Prompt:
Only the lines below from the one with "Propane Forge Gas Burner Assemblies" through the one with "NO ID. BLACK コンバットジョガーPT 450006-916P画像" are to be written out, exactly and without any images.

(Dataset entries Opens)

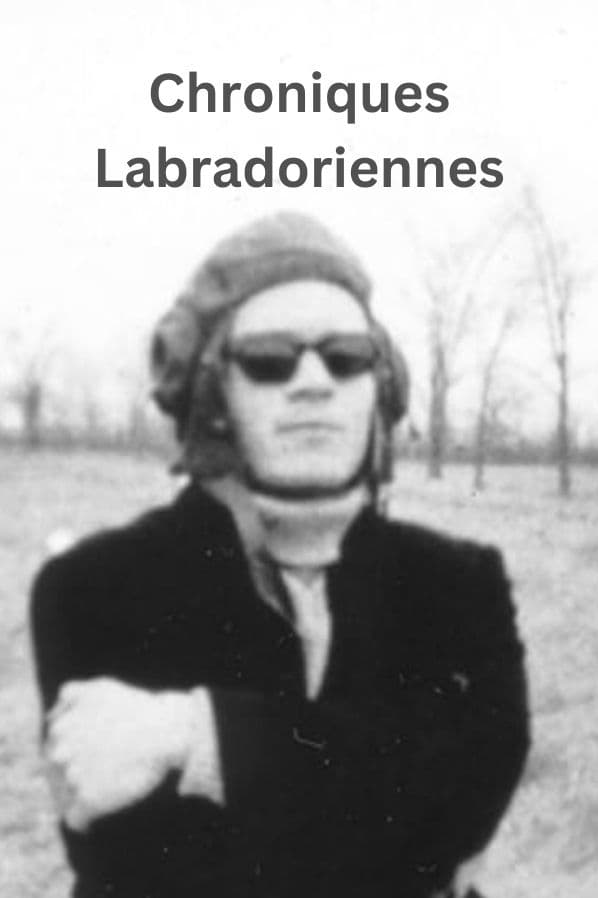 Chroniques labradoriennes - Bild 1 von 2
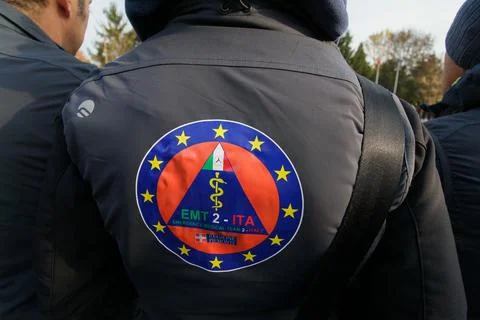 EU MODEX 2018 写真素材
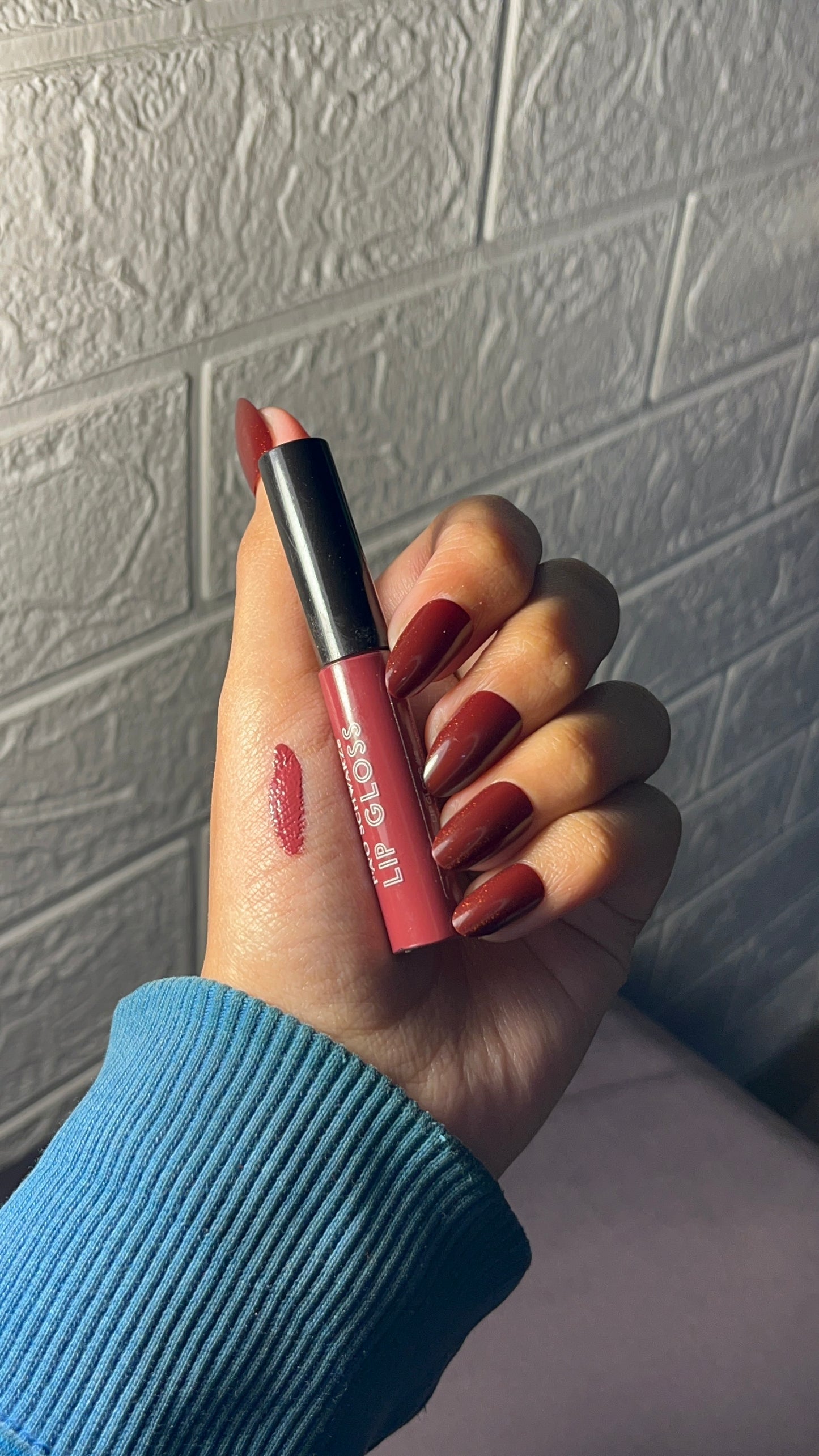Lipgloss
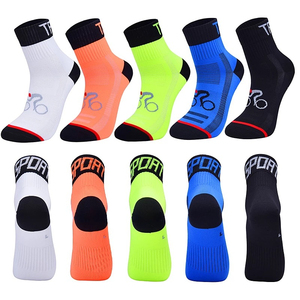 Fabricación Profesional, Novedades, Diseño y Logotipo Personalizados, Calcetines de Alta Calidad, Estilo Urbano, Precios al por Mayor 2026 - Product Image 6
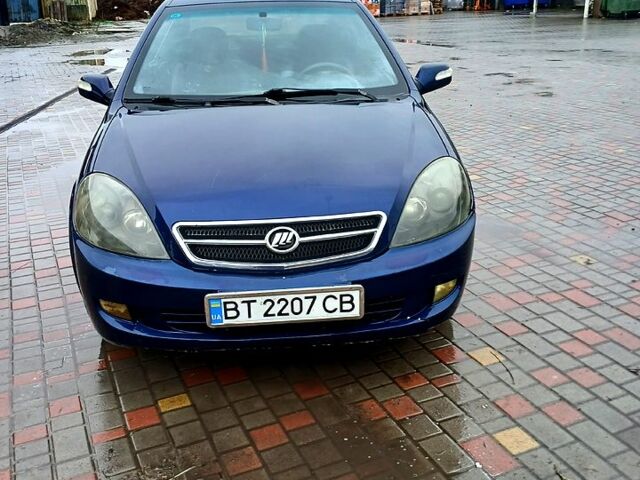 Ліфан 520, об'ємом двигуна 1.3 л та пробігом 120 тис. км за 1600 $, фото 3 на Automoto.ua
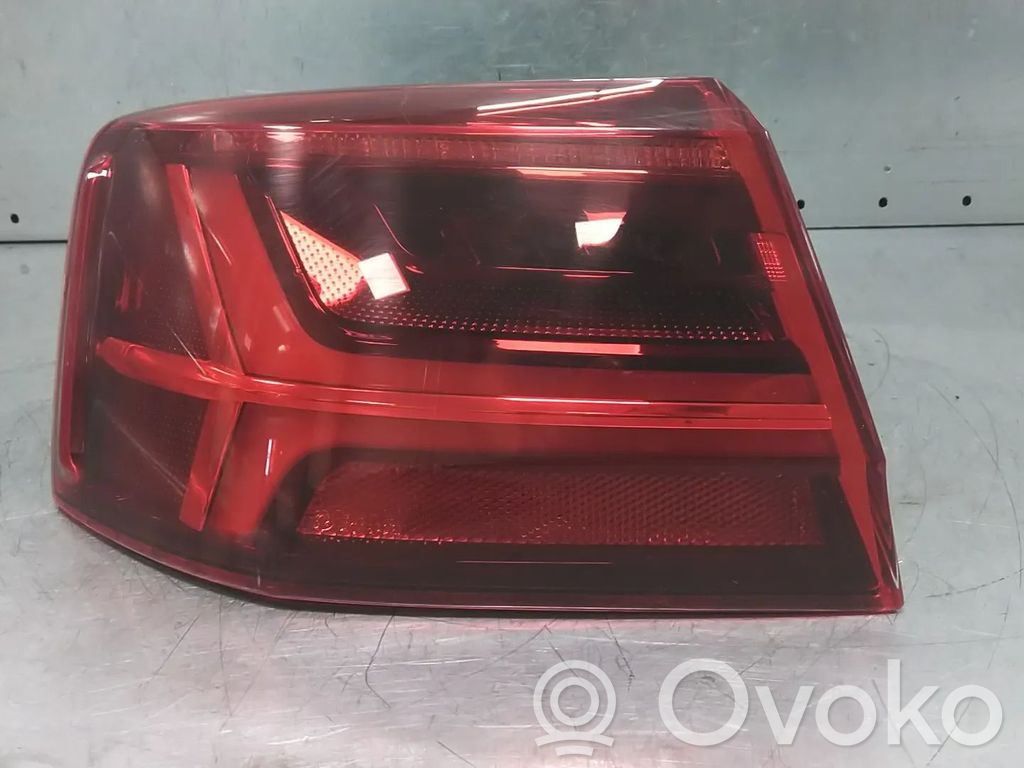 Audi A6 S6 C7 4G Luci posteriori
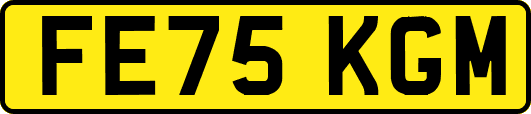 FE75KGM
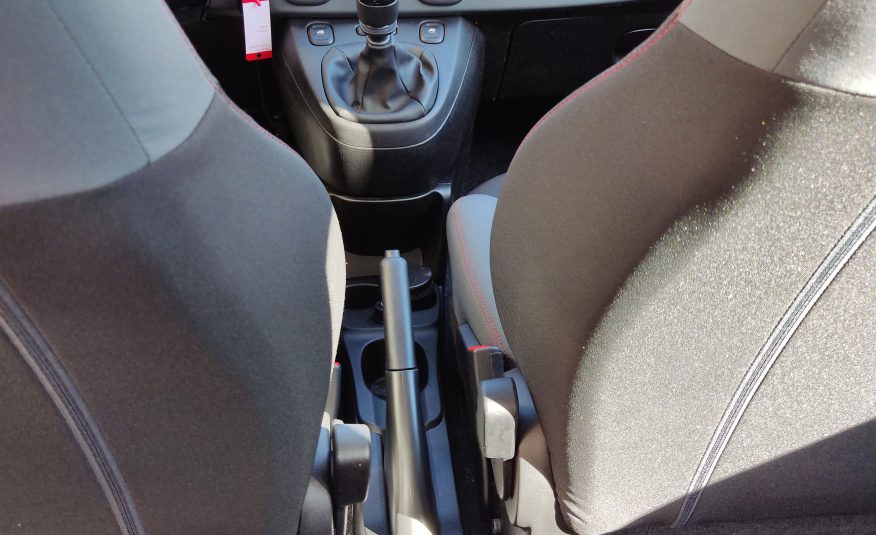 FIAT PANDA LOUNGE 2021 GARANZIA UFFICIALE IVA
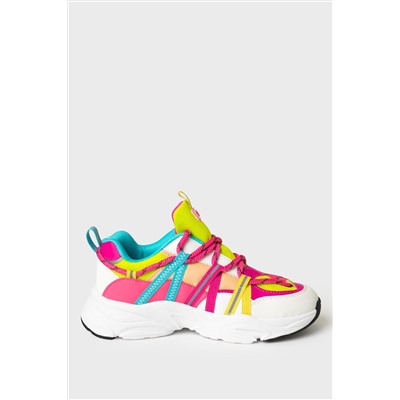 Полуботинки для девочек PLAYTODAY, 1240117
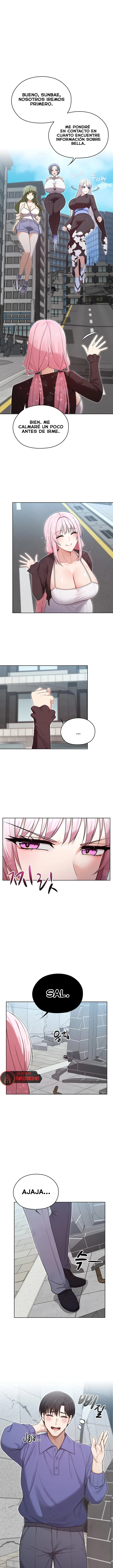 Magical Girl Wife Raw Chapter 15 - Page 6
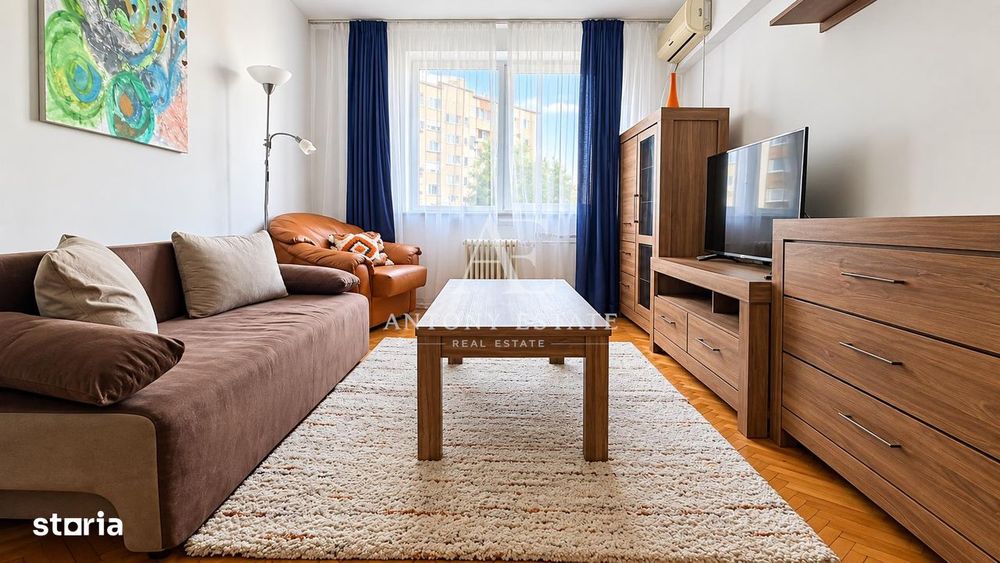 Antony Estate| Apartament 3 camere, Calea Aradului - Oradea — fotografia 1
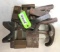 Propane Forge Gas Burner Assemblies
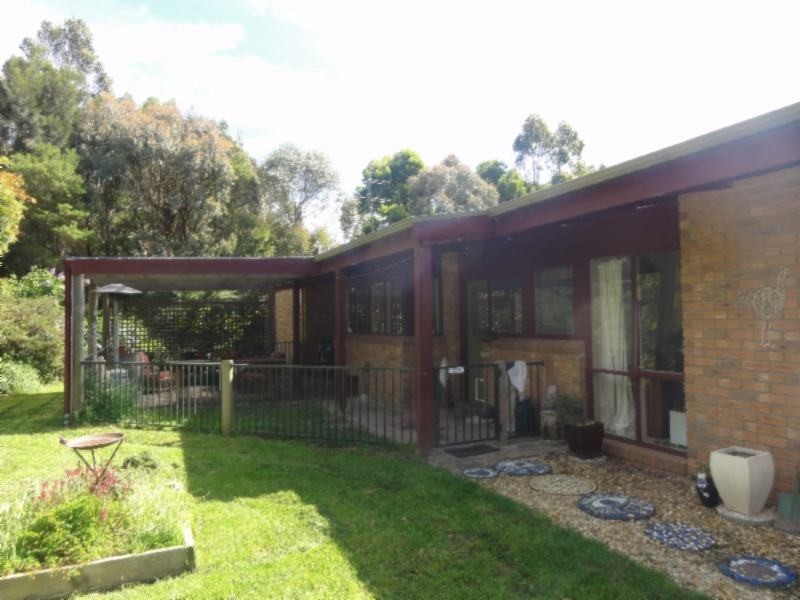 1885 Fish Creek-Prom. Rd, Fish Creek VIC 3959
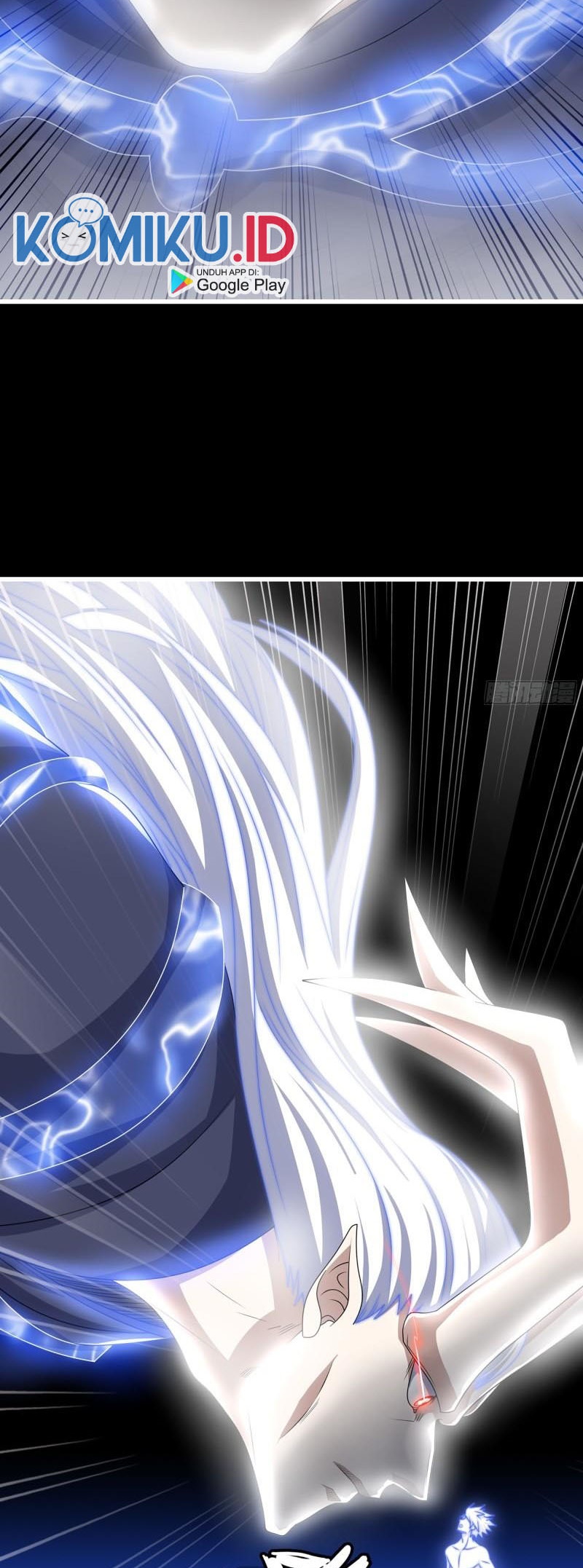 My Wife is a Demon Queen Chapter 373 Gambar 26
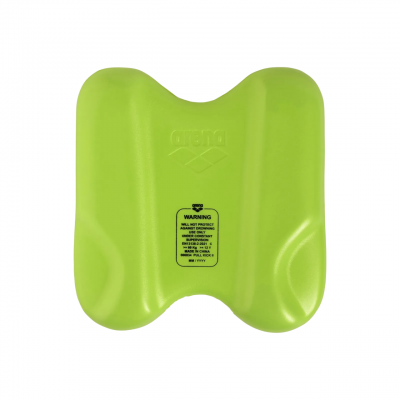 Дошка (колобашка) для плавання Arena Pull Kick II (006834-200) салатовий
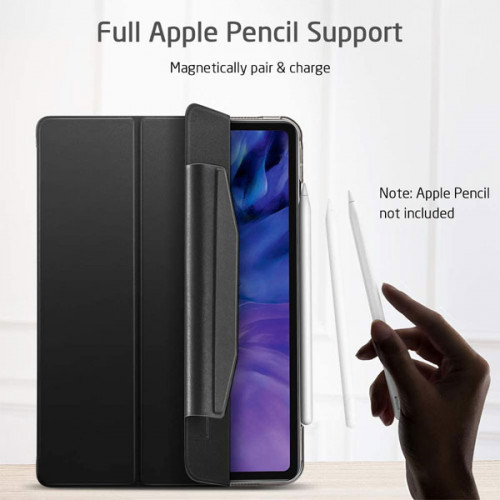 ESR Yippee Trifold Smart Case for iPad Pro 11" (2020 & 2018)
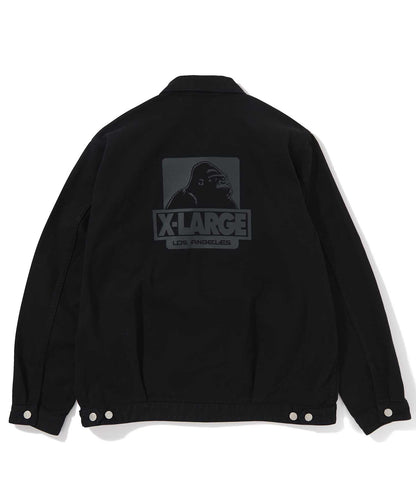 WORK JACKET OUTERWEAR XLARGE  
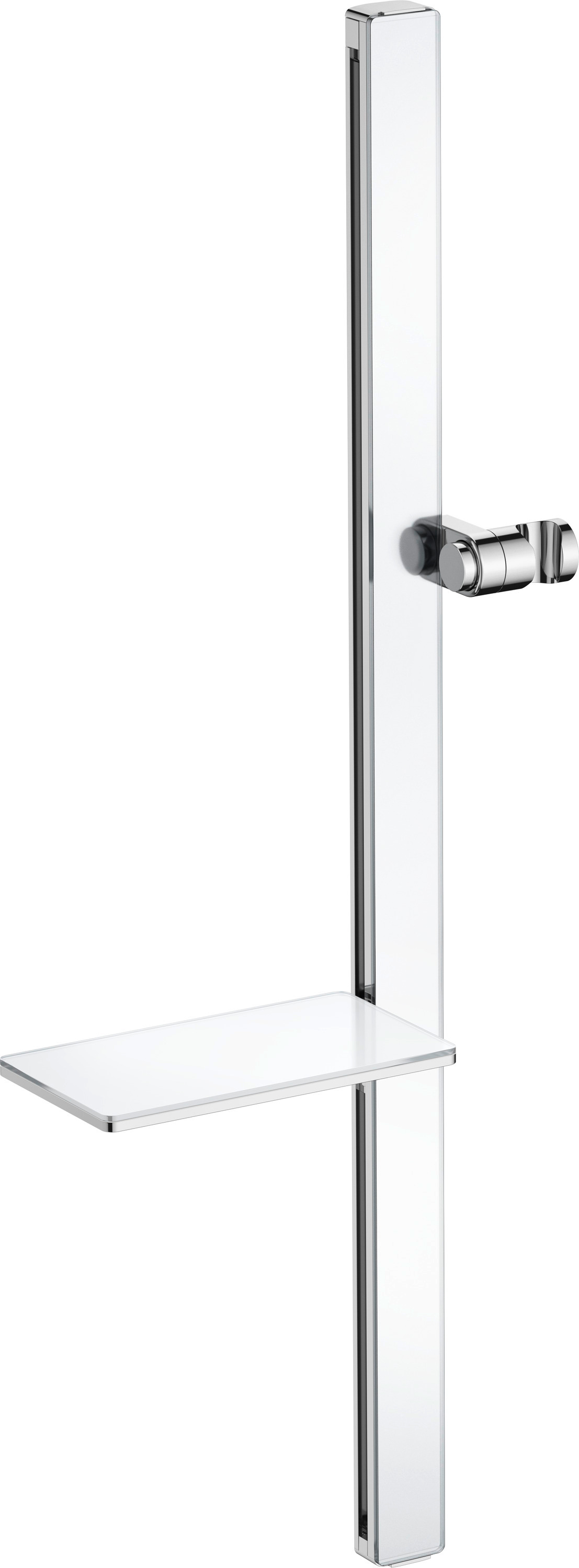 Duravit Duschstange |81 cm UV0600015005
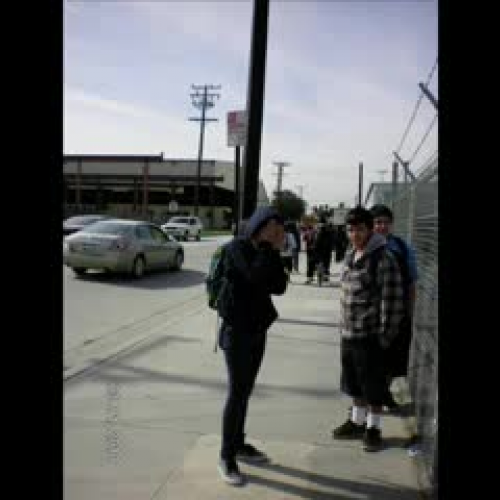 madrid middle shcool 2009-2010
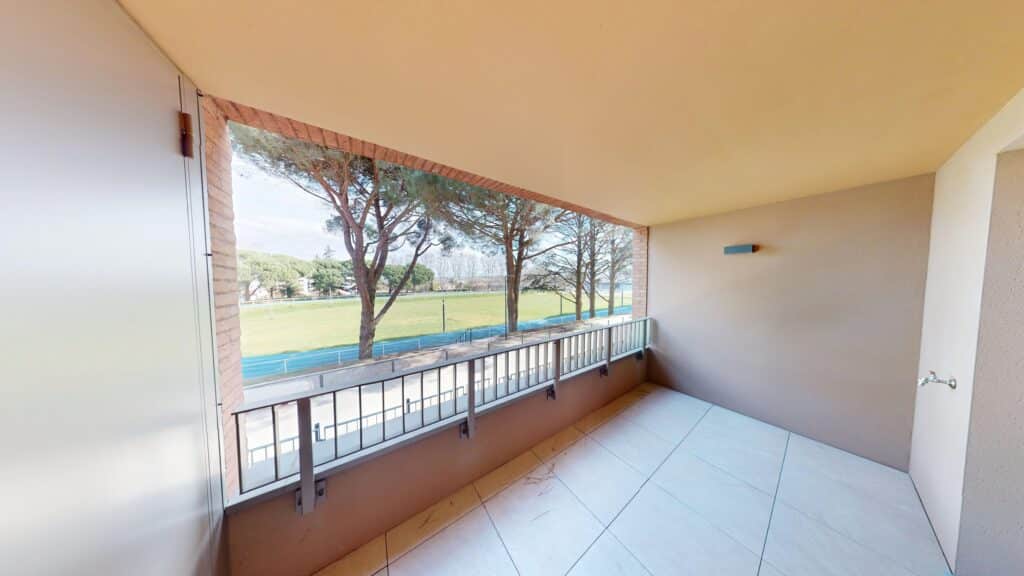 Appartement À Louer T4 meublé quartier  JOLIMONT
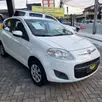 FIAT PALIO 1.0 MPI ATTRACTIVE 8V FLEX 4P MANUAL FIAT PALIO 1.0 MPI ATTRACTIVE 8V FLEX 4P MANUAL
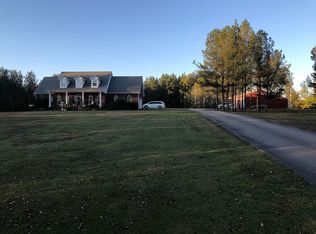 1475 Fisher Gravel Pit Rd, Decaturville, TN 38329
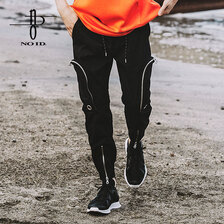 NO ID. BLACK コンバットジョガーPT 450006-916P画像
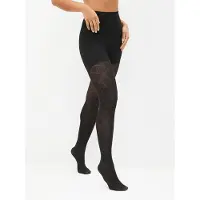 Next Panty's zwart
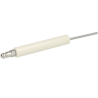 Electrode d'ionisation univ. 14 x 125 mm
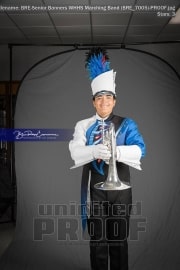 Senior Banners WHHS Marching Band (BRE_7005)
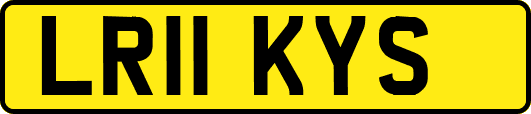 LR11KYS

(Dataset entries Closes)

Solution to this problem:
 Propane Forge Gas Burner Assemblies
 1885 Fish Creek-Prom. Rd, Fish Creek VIC 3959
 My Wife is a Demon Queen Chapter 373 Gambar 26
 Дошка (колобашка) для плавання Arena Pull Kick II (006834-200) салатовий
 ESR Yippee Trifold Smart Case for iPad Pro 11" (2020 & 2018)
 WORK JACKET OUTERWEAR XLARGE  
 Duravit Duschstange |81 cm UV0600015005
 madrid middle shcool 2009-2010
 Appartement À Louer T4 meublé quartier  JOLIMONT
 FIAT PALIO 1.0 MPI ATTRACTIVE 8V FLEX 4P MANUAL FIAT PALIO 1.0 MPI ATTRACTIVE 8V FLEX 4P MANUAL
 1475 Fisher Gravel Pit Rd, Decaturville, TN 38329
 NO ID. BLACK コンバットジョガーPT 450006-916P画像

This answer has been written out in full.